Journal CmdrTaco's Journal: Oops, Server Slowdowns, Moderation Issues

So a few years ago, robo used to maintain the slashdot at slashdot dot org email address. It really isn't used for anything, except it is the reply-to for the system emails. Because of this, the account is virtually useless, since it consisted almost entirely of bounced messages, and people asking for help unsubscribing (despite the fact that instructions for unsubscribing have pretty much always been included at the end of the email).

Anyway, robo left us shortly after we moved our offices accross the state. Now he works with the forces of accountancy and welds a pencil.

Of course, this has left the mailbox unattended in the duration, because me, being an idiot, failed to reassign the duties of this box to anyone else. Fast forward to today, and I get an email from the mail administrator telling me that the box has now exceeded 2 gigs.

Now I don't know what our ISP is using for a mail server, but apparently neither it's webmail interface, or pop interface is capable of parsing a 2 gig mail file. So I'll have to simply have them blow it away. Since I read this email address for years, I know that it contains probably a hundred messages that actually matter, and they are all out of date by now anyway. Anyone who has a clue would have emailed an actual person and not the generic catchall box that isn't used anywhere on the site.

Anyway, Oops. Sorry to anyone who tried to contact us through that channel. Heh.

Also, to those who've been asking, yes we have apparently been having some pretty substantial problems serving pages to some users under some circumstances. We're really at a loss, but we've been looking for the problem. We've changed a lot of stuff under the hood in the last couple weeks... we have a new load balancer, and new webheads. There are a LOT of variables. Not the least of which is a huge growth in the number of pages we've been serving (yesterday we served 3.3M pages). The side affects have been many and numerous, but we're working on it.

One of the more obnoxious side affects in a 20% growth in traffic is that our accesslog has swollen noticably, and our pathetic little DB box that handles all logging activity has buckled under the pressure. This box handles a few tasks, including the divying up of mod points. So this has resulted in a substantial cut in the number of points being put into the system since it is behind schedule. This ought to be fixed in the next day or two. We know about it. Please don't submit SF bug reports!
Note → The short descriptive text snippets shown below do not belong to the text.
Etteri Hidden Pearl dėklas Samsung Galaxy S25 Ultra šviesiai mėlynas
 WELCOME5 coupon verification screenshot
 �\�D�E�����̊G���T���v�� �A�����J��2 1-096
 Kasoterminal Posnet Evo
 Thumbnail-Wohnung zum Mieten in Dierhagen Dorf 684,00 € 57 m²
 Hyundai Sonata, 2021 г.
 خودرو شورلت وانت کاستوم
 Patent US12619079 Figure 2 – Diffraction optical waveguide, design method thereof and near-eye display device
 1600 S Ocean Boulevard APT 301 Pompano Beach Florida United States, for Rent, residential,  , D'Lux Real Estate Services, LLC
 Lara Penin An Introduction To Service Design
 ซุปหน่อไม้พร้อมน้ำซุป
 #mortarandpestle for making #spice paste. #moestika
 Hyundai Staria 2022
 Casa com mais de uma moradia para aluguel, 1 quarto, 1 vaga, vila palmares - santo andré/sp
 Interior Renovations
The new webheads are beefy boxes, and we estimate that they are capable of serving as much as double the traffic that we usually serve during peak hours (although the databases probably would be a bottleneck at that point). But there clearly are some issues for people. We've had reports of 500 errors, which we think is a problem with the load balancer. But we can't duplicate it. We've had reports of slowness too- but I'm getting pages fast as hell from all server types. Some people apparently are having problems frequently, but it's been cool when we try to hit it. And since traffic is up, I assume it's working for most people most of the time.